David Cameron's intended admonition to people who simply can't do it to 'pay off their debts' shows a profundity of ignorance that is comparable with Marie Antoinette's 'Let them eat cake'. It is comprehensible [though it proved to be inexcusable] for an eighteenth-century Habsburg to have lived in ignorance of the condition of the people. It is inexcusable in a twenty-first century Prime Minister to allow a similarly silly assertion to get into the text of a major speech. It may be comprehensible, given Cameron's origins and the fact that he has spent almost all his adult life in the political bubble; but it will not be forgotten as he and his chosen Chancellor stick to their increasingly isolated programme.
Tens of millions of those people are net debtors: their mortgages plus unsecured debts greatly exceed their assets. Many people do not even have one month's income in reserve. Meanwhile the overwhelming majority of the population have declining real incomes; their wage or benefit increases - if they have any - do not meet the rise in prices and taxes that they must pay. If they are able to pay anything off their debts [and some people are being required to do so] this is a small sum each week, and it causes them to reduce their standard of living commensurately
Until today The Prime Minister's silliest utterance was his repetition of the meaningless 'Big Society' tag, which has never had any meaning for either the media or the public.
Now he has just avoided plunging headlong into a display of profound incomprehension and insensitivity. He and his team clearly have no understanding of everyday life under his own regime. Unlike the greatest Tory Prime Minster, the Marquis of Salisbury, David Cameron does not have daily conversations with the grooms, keepers and tenants whose lives were entwined within the routine of a great estate and who were used to speaking with complete frankness to the great man. Unlike Disraeli, Cameron clearly does not have the common sense that enabled the founder of modern Conservatism to say - and to mean - 'Trust the people'. Harold Macmillan was much criticised in the establishment for the 'vulgarity' of his adopting the phrase 'You've never had it so good': but it resonated with the mass of the population and ensured an election victory. Stanley Baldwin had managed a steelworks before he went into politics and he kept the lessons in mind. Winston Churchill was brutally blunt with aides whose recommendations showed an absence of common sense or a failure to appreciate the public mood.
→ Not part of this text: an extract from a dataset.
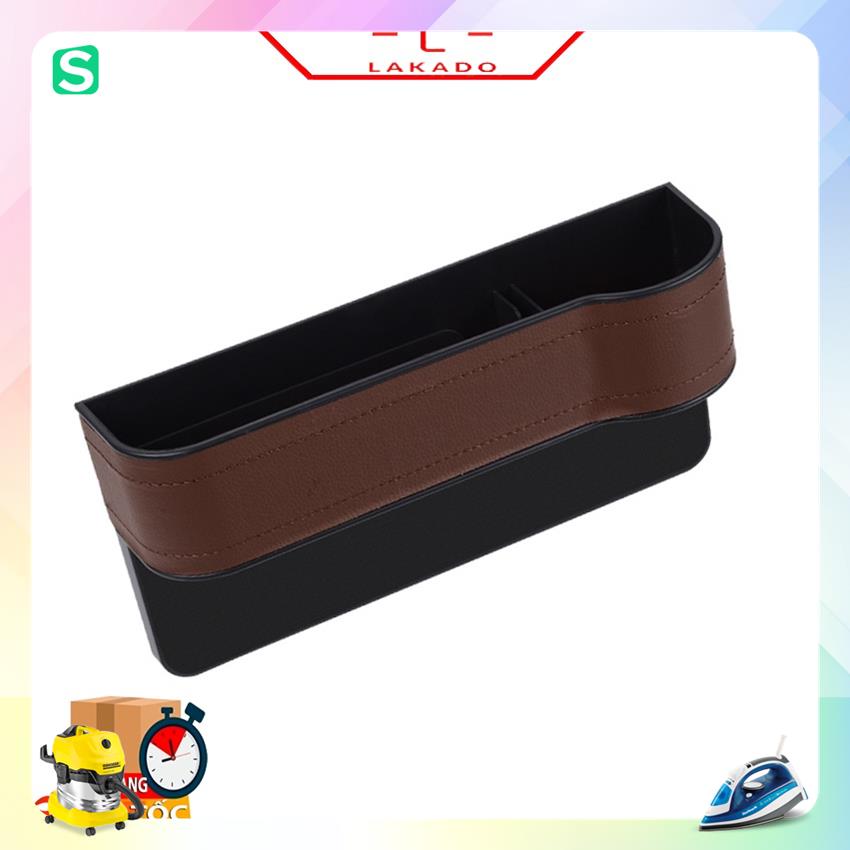 Hộp đựng đồ khe ghế ô tô đang năng tiện dụng dán da ca cấp, có lỗ cho cáp sạc-lakado MSP74710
David Cameron's intended admonition to people who simply can't do it to 'pay off their debts' shows a profundity of ignorance that is comparable with Marie Antoinette's 'Let them eat cake'. It is comprehensible [though it proved to be inexcusable] for an eighteenth-century Habsburg to have lived in ignorance of the condition of the people. It is inexcusable in a twenty-first century Prime Minister to allow a similarly silly assertion to get into the text of a major speech. It may be comprehensible, given Cameron's origins and the fact that he has spent almost all his adult life in the political bubble; but it will not be forgotten as he and his chosen Chancellor stick to their increasingly isolated programme.